France reimposed lockdown restrictions last week as a third wave of covid surged through the country. Germany is also due to see lockdown conditions extended into a fifth straight month. Rising cases combined with a sluggish vaccine programme in Europe highlight the challenges that remain in the fight against the virus. Oil demand is still a long way off pre-pandemic levels, and prices are currently being propped up by significant output cuts in place.

Data on Friday has added to oil’s woes, with the Baker Hughes rig count revealing an increase of nine rigs to 411. This is the highest number since April last year, as US drillers look to capitalise on the recent price spike.

The rig count is considered a useful guide to future production. As US driller numbers rise and OPEC+ looks to increase production from next month, oil could struggle to move much higher beyond its current levels.

Gold looks lower ahead of Powell

Gold is coming under pressure in early trade, despite the risk-off tone to the market and yields easing lower.

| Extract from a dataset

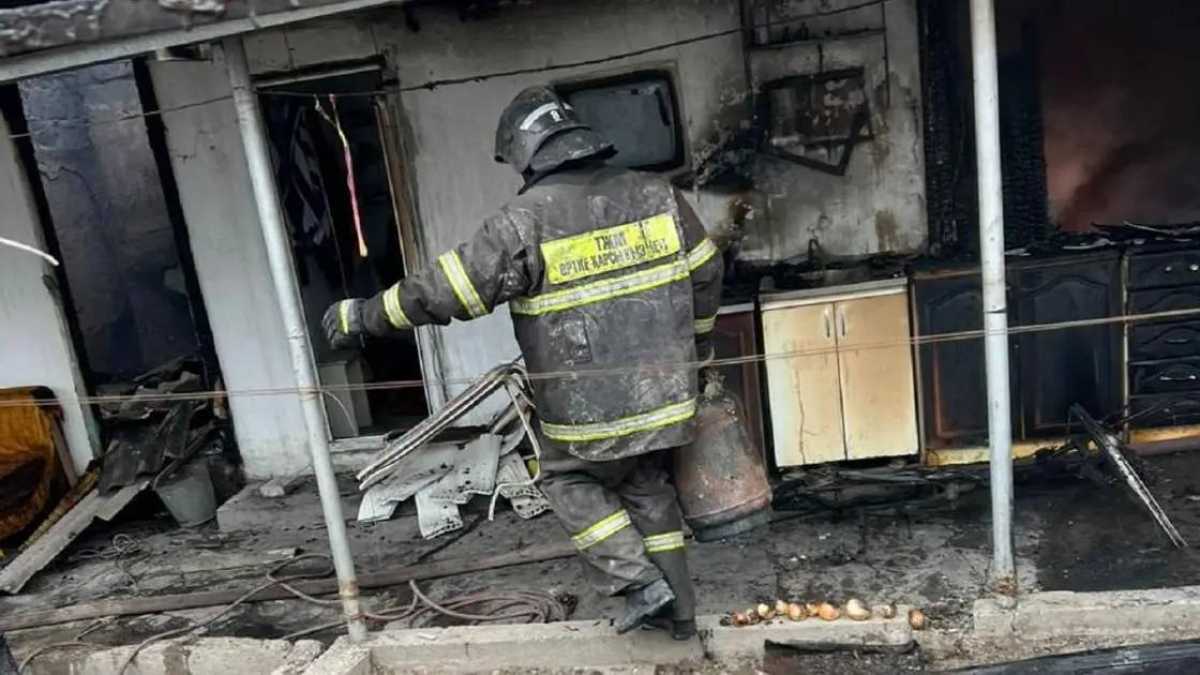 Три дома загорелись в Алматинской области: погибли два человека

While the benchmark US 10-year treasury yield remains under 1.70%, gold buyers are still reluctant to place bullish trades ahead of Federal Reserve Chair Jerome Powell’s speech later today.

The technical picture favours sellers after gold failed to break above its descending trend line dating back to early January. Support is currently being tested at USD 1730, which is the 50 SMA on the four-hour chart. A break-through here could bring USD1700 into focus. On the flip side, any move higher would need to clear USD1745, which is the descending trend line, in order to target USD1755.